Le Souverain appelle à une nouvelle «mondialité à visage humain»

SM le Roi Mohammed VI a appelé, samedi 31 octobre, dans un message adressé aux participants à la deuxième «World Policy Conference», à une nouvelle «mondialité à visage humain», juste, équitable et participative, qui réconcilie le monde avec lui-même.

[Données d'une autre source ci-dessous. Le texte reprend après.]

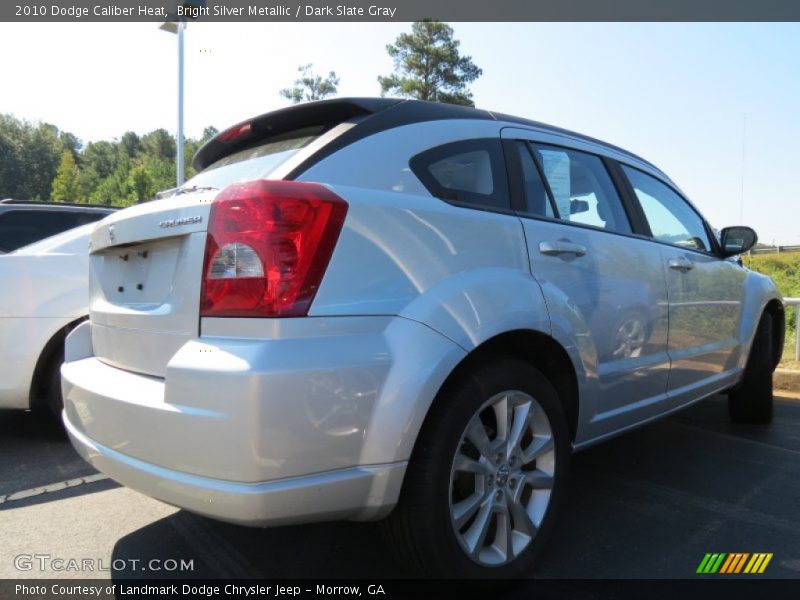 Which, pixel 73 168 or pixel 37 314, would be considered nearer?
pixel 37 314

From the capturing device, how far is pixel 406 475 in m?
1.98

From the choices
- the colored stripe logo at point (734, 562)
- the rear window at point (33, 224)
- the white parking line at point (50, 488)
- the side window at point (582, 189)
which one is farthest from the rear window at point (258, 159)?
the rear window at point (33, 224)

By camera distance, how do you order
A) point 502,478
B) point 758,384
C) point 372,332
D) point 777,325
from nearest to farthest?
point 372,332 < point 502,478 < point 758,384 < point 777,325

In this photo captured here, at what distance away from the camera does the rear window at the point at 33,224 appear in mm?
4319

Les travaux de la deuxième «World Policy Conference» se sont ouverts, samedi, à Marrakech, avec la participation de près de 120 éminentes personnalités. «Le Maroc appelle de ses vœux à une nouvelle mondialité, une mondialité juste, équitable, participative, bref une mondialité à visage humain qui équilibre, intègre, réconcilie le monde avec lui-même en injectant du sens et de la confiance», a annoncé le Souverain dans son message dont lecture a été donnée par Mohamed Moatassim, conseiller du Souverain. «Pour cela, nous devons faire en sorte que cette mondialité devienne l’affaire de tous, qu’elle soit appropriée par tous les acteurs et tous les pays, petits ou grands, aux termes d’un projet inédit et mobilisateur», a affirmé SM le Roi. Il s’agit, selon le Souverain, d’un projet de société universelle qui permettra «de renouer aussi bien avec l’esprit des Lumières, celui de Kant qu’avec celui d’Ibn Khaldoun, premier théoricien de l’histoire universelle des civilisations».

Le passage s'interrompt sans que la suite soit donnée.